Theory Primer
Optimization and CPFEM/hardening theory primer.
CPFEM
Crystal plasticity finite element (CPFE) methods take a fundamental understanding of microscopic deformation mechanisms, especially slip of dislocations within slip planes, and connect these to macroscopic stress states and deformations. Often, these models are parameterized based on the stress-strain response of the bulk material of interest, either monocrystal or polycrystal. While the physical underpinning of CPFE models lends some plausibility to their predictive power in extrapolative situations, careful parameterization is especially critical for such applications. In the case of single crystal metallic materials, data from a uniaxial deformation experiment along one crystallographic orientation is often used to fit the material-specific parameters of the CPFE model. Since experimental tests inherently include some slight yet unknown deviation from the nominal loading orientation and computational models do not, a direct comparison of the two for the purposes of determining material properties is fraught. In this optimization framework, such slight deviations can be accounted for by incorporating values describing the tilt away from nominal loading direction as additional parameters to be optimized.
Mesh Types
While crystal plasticity methods are most useful in their application to realistic microstructures, iterative parameterization methods require that models run efficiently. Therefore, the goal for the geometrical models generated here are to be representative of more complex models while being much faster to run. There are currently two methods of model generation: those for monocrystal and polycrystal applications. The former consists of a single C3D8 element with complex boundary conditions that allows for lattice rotation on the top and bottom face – this rotation is crucial to capture the behavior seen in single crystal tensile tests. For example, see below for a comparison.
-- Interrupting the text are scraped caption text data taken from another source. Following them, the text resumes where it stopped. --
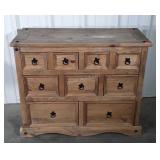 Pine 9 Drawer Dresser, mini drawer style solid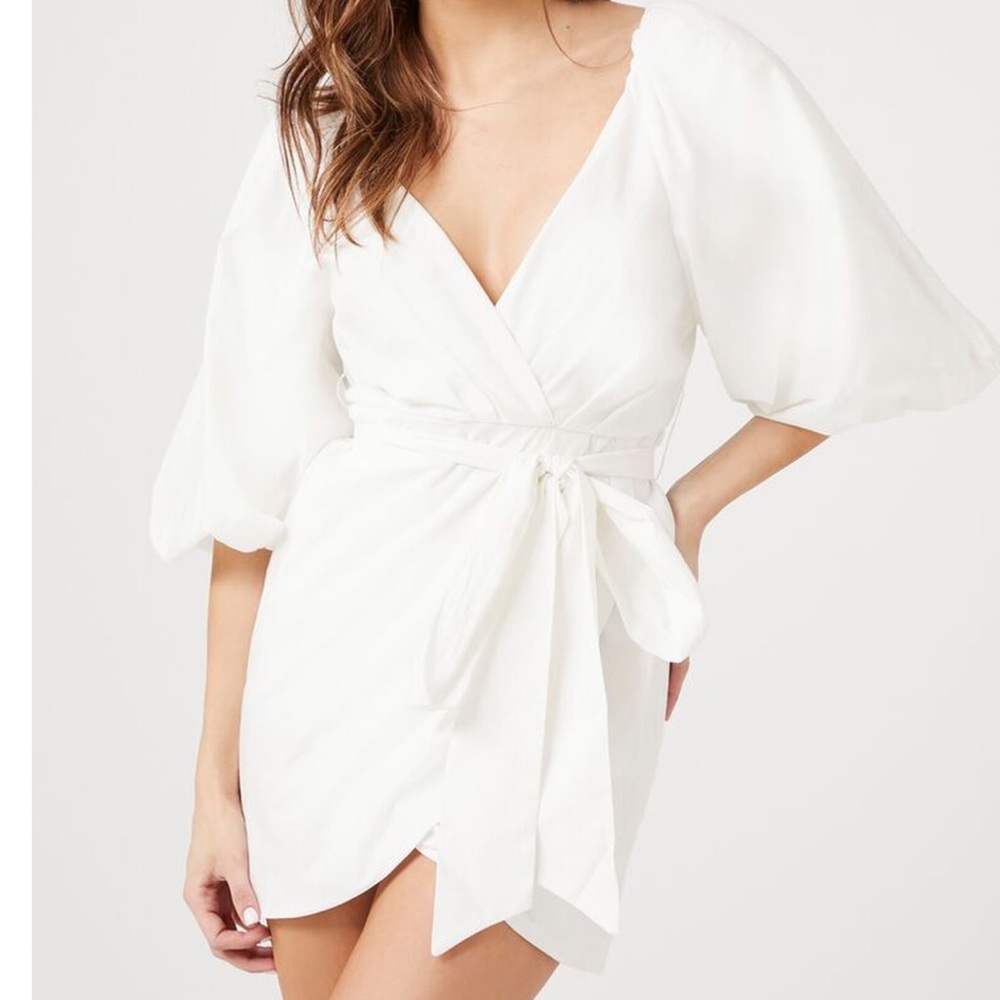 White Puff Sleeve Poplin Mini Dress (L) NWT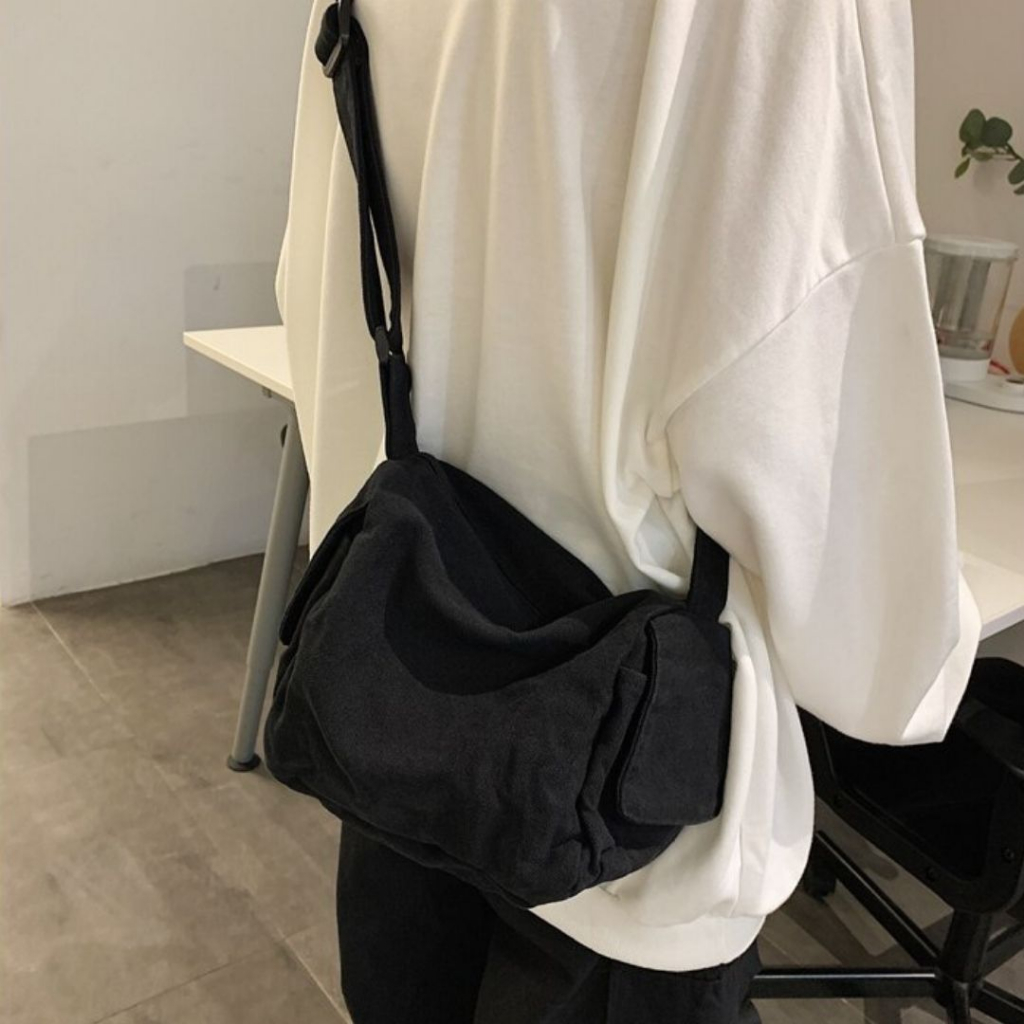OAOE MPSC Unisex Canvas Medium Sling Bag Messenger Crossbody Tas Selempang Kanvas Pria Wanita Toteba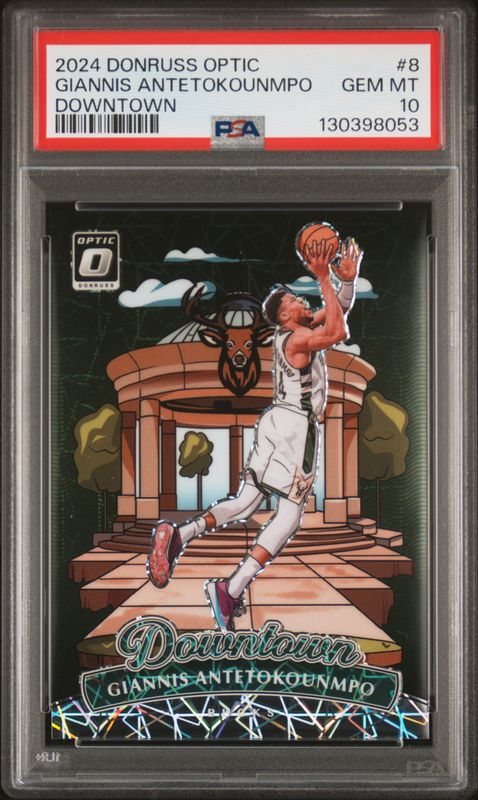 2024 Panini Donruss Optic Downtown Giannis Antetokounmpo #8 PSA 10
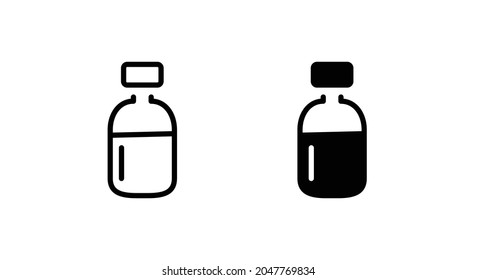 Medicine line vial bottle icon editable stroke on white background. Vector illustration. Medicine liquid bottle vector icon. Illustration isolated for graphic and web design.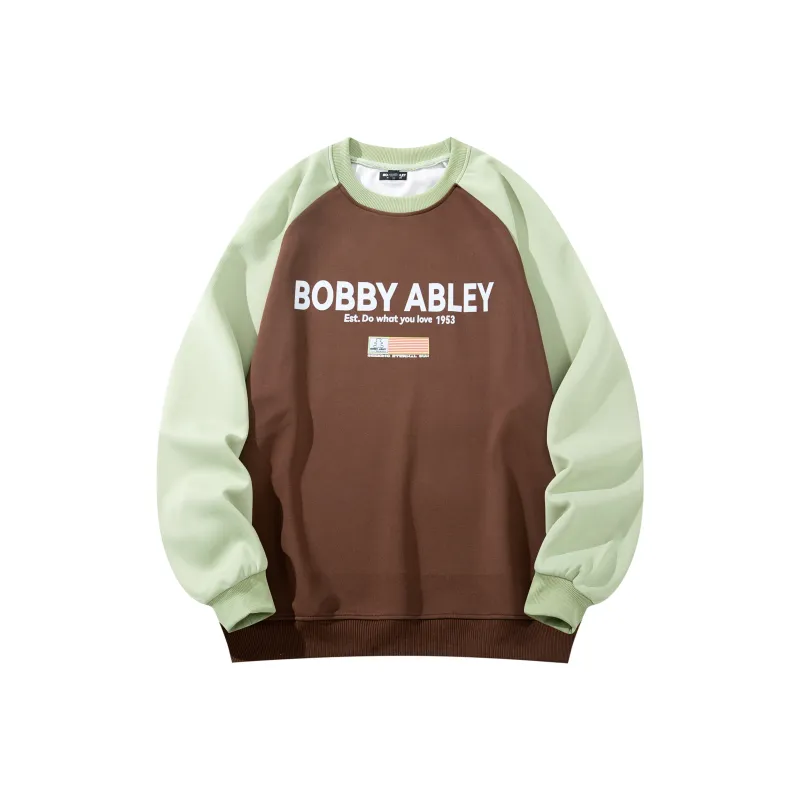 BOBBY ABLEY Patchwork Color Blocking Loose Fit Casual Heavyweight Crew Neck Pullover Sweatshirt Unisex-9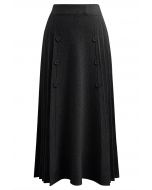 Soft Elegance Button Trim Pleats Knit Skirt in Black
Realistic polycrystal models can be generated using software such as Dream3D, with some modifications needed to run the resulting Abaqus input files using the crystal plasticity subroutine. However, such models often take a prohibitively long time to run, and, for equiaxed microstructures, can be replaced with cubic grains without much loss in accuracy. Therefore, the polycrystal models generated here are orthorhombic and contain orthorhombic grains. The size of grains and overall model are arbitrary so long as the length of the grains along each direction can evenly divide the length of the model in that direction.
Bayesian Optimization
Due to the nature of complex crystal plasticity models, analytical parameterization is usually impossible. Furthermore, the evaluation of CPFE models to compare to a lab-scale deformation test is expensive and provides no gradient information. However, Bayseian optimization is a useful and well-developed framework for optimizing such black-box functions. In particular, the library given in sci-kit optimize is here implemented in order to find the best-fitting crystal plasticity material parameters to reproduce experimental stress-strain curves.
Gaussian Process Regression
A Gaussian process underlyines the estimates of the loss function between the experimental stress-strain curve in terms of the CPFE hardening parameters and acts as a surrogate model for the CPFE evaluation. At each evaluated set of parameters, the surrogate model gains an exact solution while updating its estimates over the rest of parameter space. Since the GPR is made of many functions generated by its kernel, it includes a measure of unvertainty over all of parameter space, which is useful for determining the best parameter set to evaluate next. The "best" parameter set is determined by competing contributions from the value estimate over paramter space, with lower errors being more alluring, and from the uncertainty values, with less certain regions containing more potential for low error values. Thus a weighting factor is a useful hyperparamter to tune the exploitation/exploration tradeoff during optimization.